§ **EXERCISE**
Copy out the data word for word, without any of its pictures.

↓↓↓

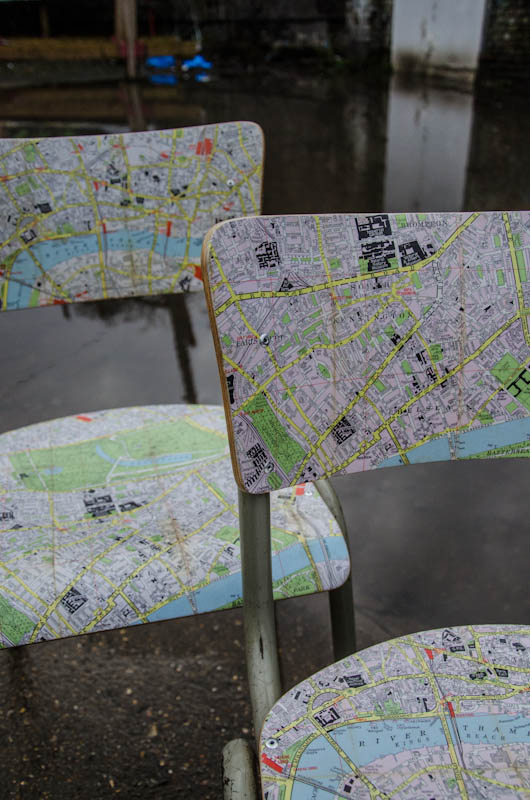 London Map Chair 1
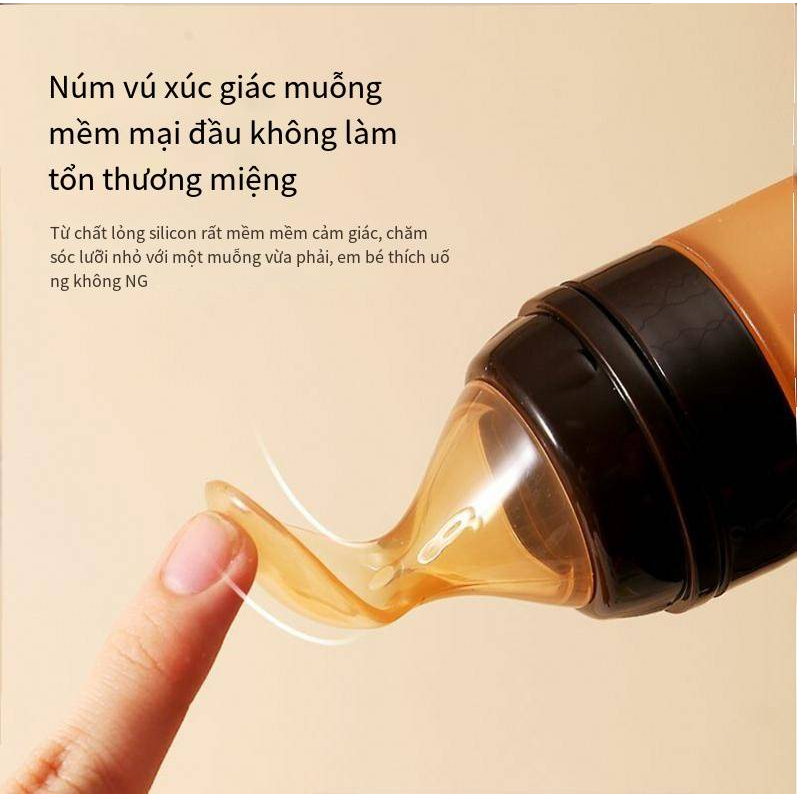Sản Phẩm Dành Cho Bà Mẹ Và Trẻ Em Bình Gạo Dạng Bóp Cho Bé/Dụng Cụ Cho Bé Ăn Thức Ăn Bổ Sung/Thìa Silicon Cấp Thực Phẩm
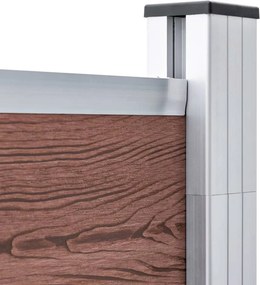 vidaXL Πάνελ Περίφραξης Καφέ 526 x 186 εκ. από WPC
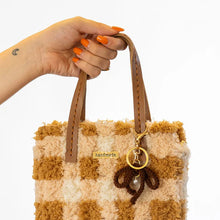 Load image into Gallery viewer, Craft Club GINGHAM - CHOCOLATE Woven Tote Bag Kit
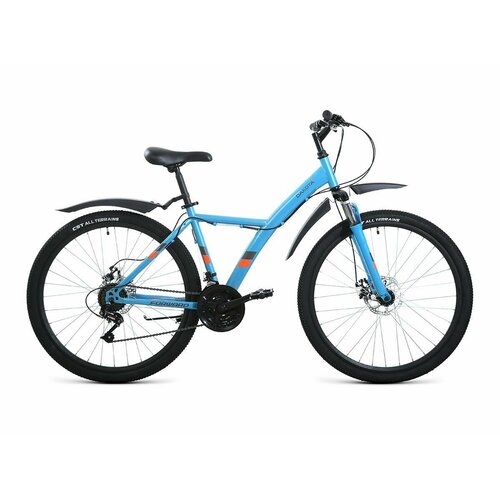 Велосипед FORWARD DAKOTA 27,5 2.0 D (27,5 21 ск. рост. 16.5) 2022, бирюзовый/ярко-оранжевый, RBK22FW27607 велосипед детский forward dakota 16 rbk22fw16579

↑↑↑

§ **OUTPUT OF THE EXERCISE**
 London Map Chair 1
Sản Phẩm Dành Cho Bà Mẹ Và Trẻ Em Bình Gạo Dạng Bóp Cho Bé/Dụng Cụ Cho Bé Ăn Thức Ăn Bổ Sung/Thìa Silicon Cấp Thực Phẩm
 vidaXL Πάνελ Περίφραξης Καφέ 526 x 186 εκ. από WPC
 Load image into Gallery viewer, Craft Club GINGHAM - CHOCOLATE Woven Tote Bag Kit
 Велосипед FORWARD DAKOTA 27,5 2.0 D (27,5 21 ск. рост. 16.5) 2022, бирюзовый/ярко-оранжевый, RBK22FW27607 велосипед детский forward dakota 16 rbk22fw16579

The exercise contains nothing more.